# Materialize the probabilistic model of LUBM1 and query it

In [13]:
import sys
sys.path.insert(0, 'glog-python/build/')
import tgs
import json
from IPython.display import JSON

In [14]:
loglevel = 2 # INFO level
main_dir = 'TGs/lubm/lubm_1/'

In [15]:
import os
os.chdir(main_dir)

Load the EDB layer

In [16]:
edb_file = 'edb.conf'
layer = tgs.EDBLayer(edb_file)

Load the program

In [17]:
program = tgs.Program(layer)
rules = 'TGs/lubm/rules/LUBM_L_csv.dlog'
program.load_from_file(rules)
print("Number of rules", program.get_n_rules())

Number of rules 127


In [19]:
chaseProcedure = "probtgchase" # If you want to use the standard chase, use "tgchase"
typeProv = "FULLPROV"

reasoner = tgs.Reasoner(chaseProcedure, layer, program, typeProv=typeProv, edbCheck=False, queryCont=False)
statistics = reasoner.create_model(0)
print(statistics)

{"max_mem_mb" : "10623.367188","n_derivations" : "7957292","n_edges" : "870","n_nodes" : "411","n_triggers" : "16942486","runtime_ms" : "7462.180587","steps" : "10"}


We can retrieve the trigger graph (TG) that we just computed as follows

In [20]:
tg = reasoner.get_TG()

Now, we add a rule that specifies the query that we want to execute.
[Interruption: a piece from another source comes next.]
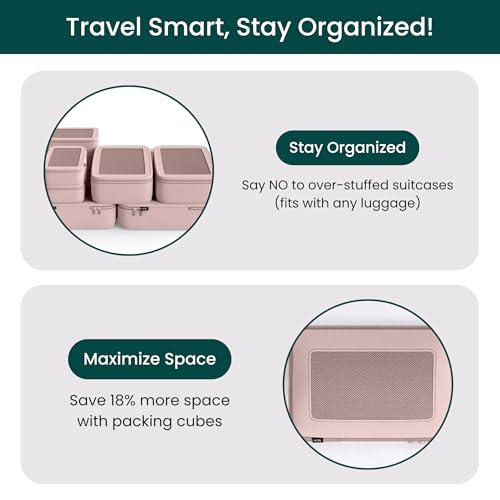 NOBL Travel Compressible Packing Cubes Set, 6 Pieces Travel Packing Organizers, Compression Luggage Cubes for Suitcases & Carry On, Space Saving (XXS, XS, S, M, L, XL) - Blush - color: Blush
This command returns the ID of the rule that we just added

In [21]:
queries = [
"Q1(X) :- GraduateStudent(X), takesCourse(X,C), mgc_q01_fb(C)", 
"Q2(X,Y,Z) :- Department(Z), subOrganizationOf(Z,Y), University(Y), undergraduateDegreeFrom(X,Y), GraduateStudent(X), memberOf(X,Z)",  
"Q3(X) :- Publication(X), publicationAuthor(X,C), mgc_q03_fb(C)", 
"Q4(X,Y1,Y2,Y3) :- worksFor(X,C), mgc_q04_ffffb(C), Professor(X), name(X,Y1), emailAddress(X,Y2), telephone(X,Y3)", 
"Q5(X) :- memberOf(X,C), mgc_q05_fb(C), Person(X)", 
"Q6(X) :-  Student(X)", 
"Q7(X,Y) :- teacherOf(C,Y), mgc_q07_ffb(C), Course(Y), takesCourse(X,Y), Student(X)", 
"Q8(X,Y,Z) :- subOrganizationOf(Y,C), mgc_q08_fffb(C), Department(Y), memberOf(X,Y), Student(X), emailAddress(X,Z)", 
"Q9(X,Y,Z) :- Course(Z), takesCourse(X,Z), teacherOf(Y,Z), advisor(X,Y), Student(X), Faculty(Y)", 
"Q10(X) :- takesCourse(X,C), mgc_q10_fb(C), Student(X)", 
"Q11(X) :- subOrganizationOf(X,C), mgc_q11_fb(C), ResearchGroup(X)", 
"Q12(X,Y) :- subOrganizationOf(Y,C), mgc_q12_ffb(C), Department(Y), worksFor(X,Y), Chair(X)", 
"Q13(X) :-hasAlumnus(C,X), mgc_q13_fb(C), Person(X)", 
"Q14(X) :- UndergraduateStudent(X)"
]  

In [22]:
newRuleId = program.add_rule(queries[0])

In [23]:
ts, stats_query = reasoner.execute_rule(newRuleId)

In [24]:
n_answers = ts.get_n_facts()
print("The rule that we executed returnd {:n} answers".format(n_answers))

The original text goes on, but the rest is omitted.